Heroes of Comedy titles.

Heroes Of Comedy (1995)

Channel 4 documentary. 33 episodes (6 series), 1995 - 2003.

Press Clippings

If the names Captain Kremmen, Marcel Wave, Sid Snot and Cupid Stunt mean anything to you, then it's a safe bet that you're familiar with the work of the late Kenny Everett. Jeremy Beadle, Barry Cryer, Barry Took, and Steve Wright celebrate the work of a comedian who was always in the best possible taste.

Richard Vine, The Guardian, 21st January 2011

The actor and writer Eric Sykes, with whom Hattie Jacques had an enduring partnership on television, once described the matronly comic actress as "one of the very best". She was also referred to as the "Mother Superior of the Carry On family". This repeated profile, with contributions from Sykes, Miriam Margolyes and Mo Mowlam, looks back at Jacques's life and career in television and film, and at the sad fact that her talents as a straight actress were often overlooked because, as she lamented, directors only gave her "funny fat lady" parts. A new drama about Jacques's life, Hattie, airs on BBC Four on Wednesday, January 19.

Simon Horsford, The Telegraph, 6th January 2011

Kenny Everett died 15 years ago, which seems an awfully long time to have been without the DJ/comedian who specialised in bad taste, anarchic humour and a biting line in satire. First shown on Channel 4, this affectionate tribute features Barry Cryer, Steve Wright and Barry Took, who celebrate the weird genius of Everett's career on radio and on TV, where his mix of nonsense, rudery and stabs at authority have been missed. The characters he created, such as Sid Snot and Marcel Wave, also defined his humour, although it's telling that this insecure comedian once said about his time on radio, "It's a good place to work if you are not really a jolly person but want to appear to be one."

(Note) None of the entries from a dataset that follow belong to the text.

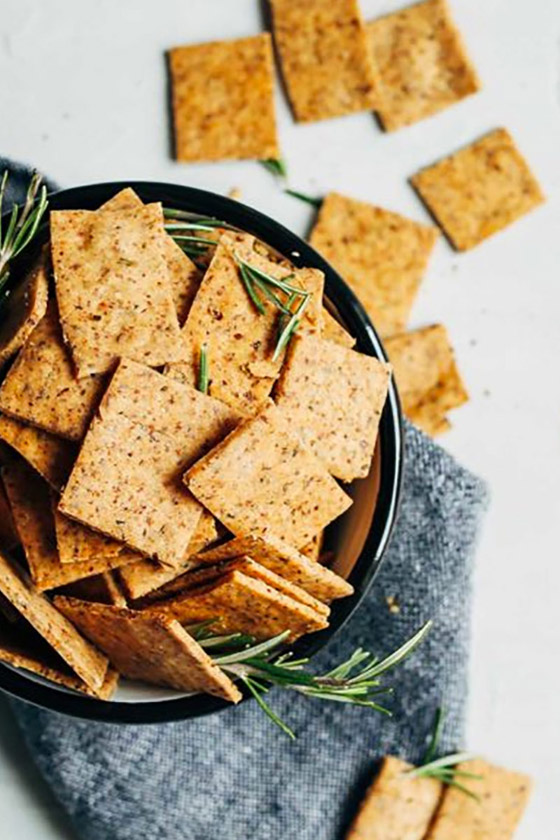 إليكم طريقة عمل كراكرز صحي.. سهل وطيب صورة رقم 2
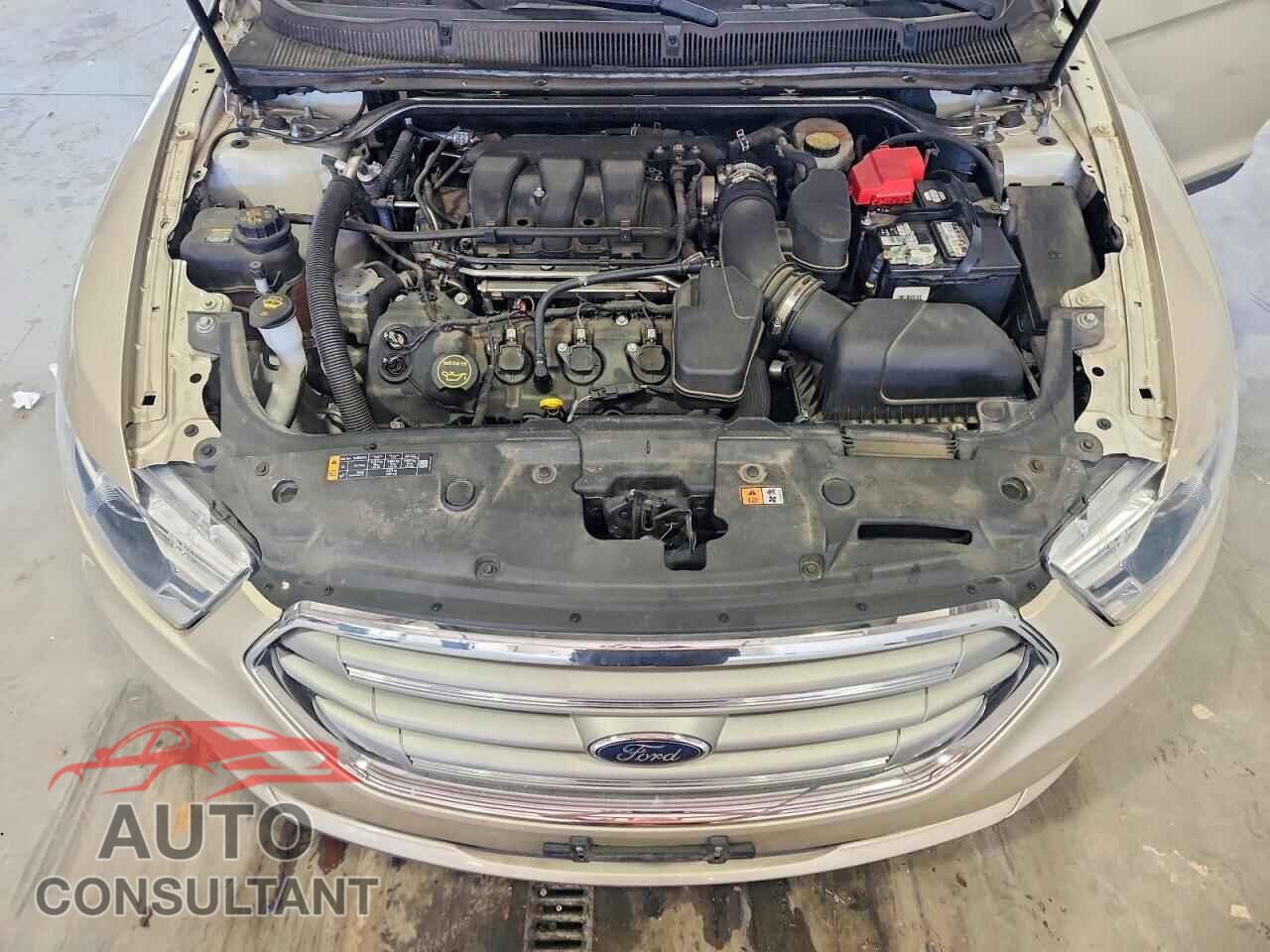 FORD TAURUS 2017 - 1FAHP2D84HG118667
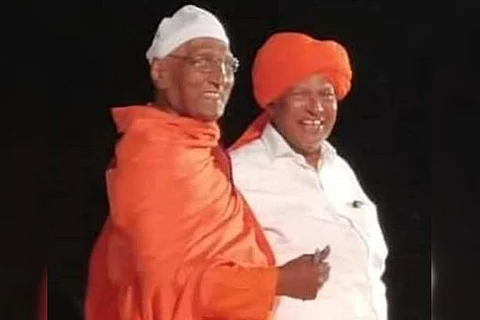 'Wearing topi won't make me Muslim’: Swami Agnivesh exchanges turban with IUML leader
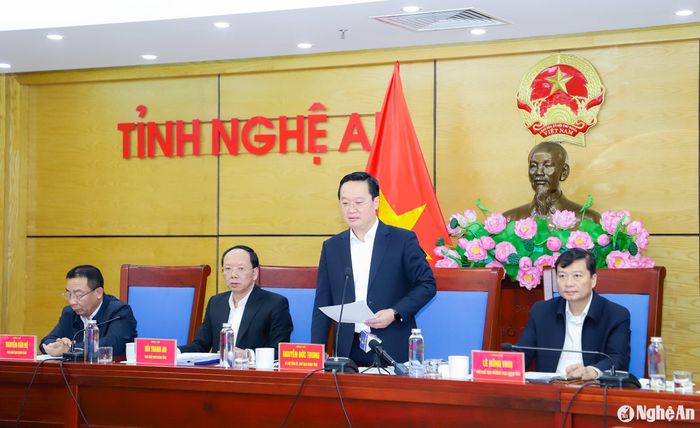 Bí thư Tỉnh ủy, Chủ tịch UBND tỉnh Nguyễn Đức Trung kết luận phiên họp. Ảnh: Phạm Bằng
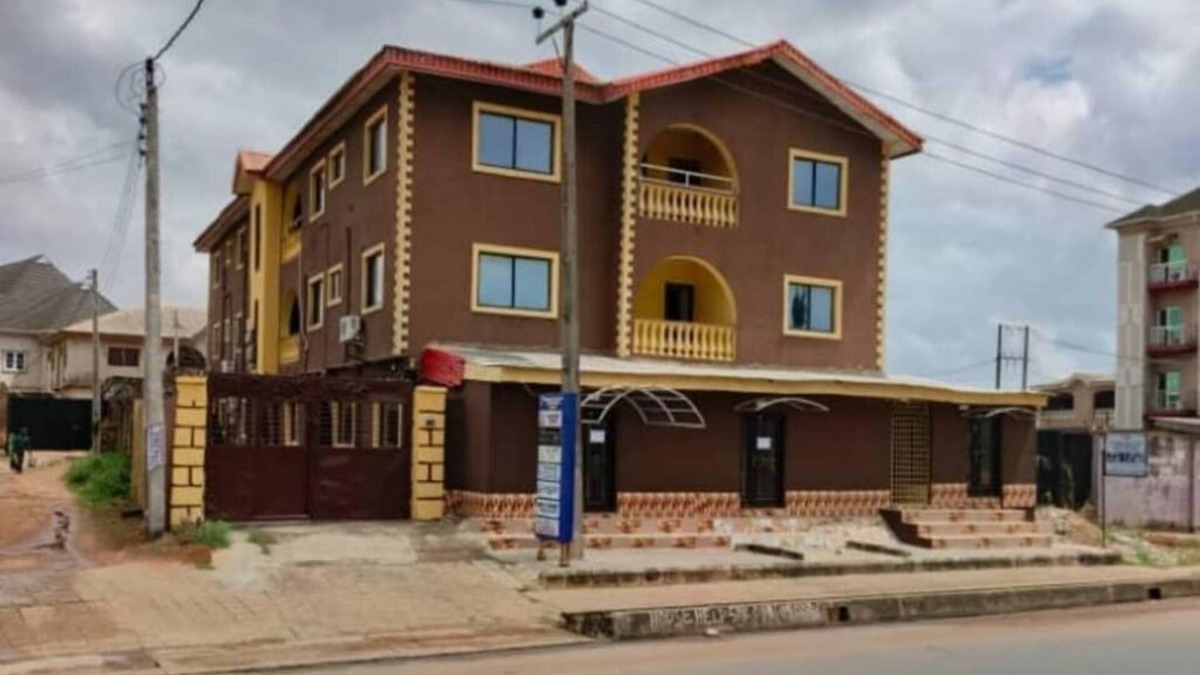 Ota Apartment | Fairways Apartments: Delightful 1 bed apartment 10 mins from Winners Chapel Ota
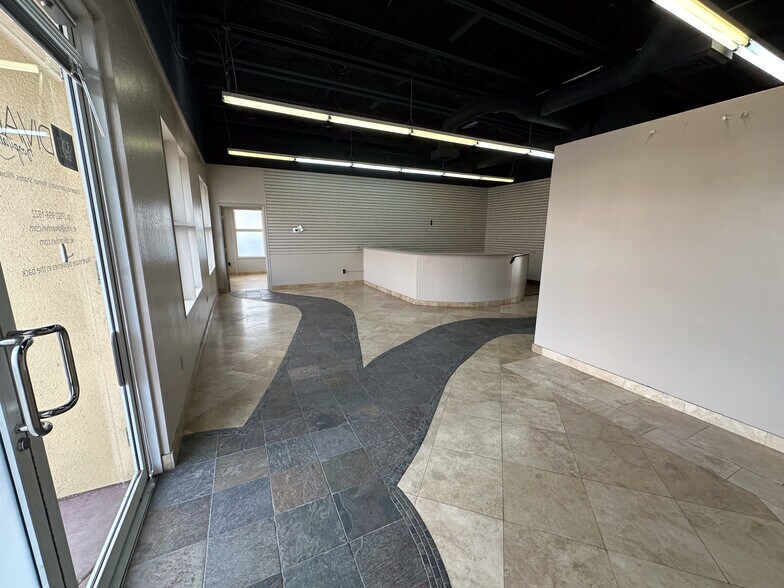 More Photos Of 770-780 Smithridge Dr, Reno Showroom For Lease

Simon Horsford, The Telegraph, 6th August 2010

A worthwhile repeat of this episode from Channel 4's 1998 series Heroes of Comedy about Benny Hill, a comic who managed the trick of being popular on both sides of the Atlantic. And he didn't stop there: Hill had fans from China and Russia too. As he once observed of his visual humour: "I can get my face slapped in six languages." This tribute captures the man behind the bawdy "seaside postcard" humour: the shy, humble loner. With clips from his shows and contributions from Bob Monkhouse and Barry Took.

Simon Horsford, The Telegraph, 25th June 2010

With his hangdog expression and fruity Edinburgh burr Alastair Sim created numerous whimsical characters during a career on stage and screen that spanned more than 40 years - perhaps none more memorable than the creepily convincing Miss Fritton, headmistress in the St Trinian's films. This 1997 profile celebrates his achievements and speaks to his widow Naomi Plaskitt (Sim died in 1976), as well as hearing from friends, co-stars and admirers, including George Cole, Stephen Fry, Ian McKellen, Patricia Routledge and Nigel Hawthorne.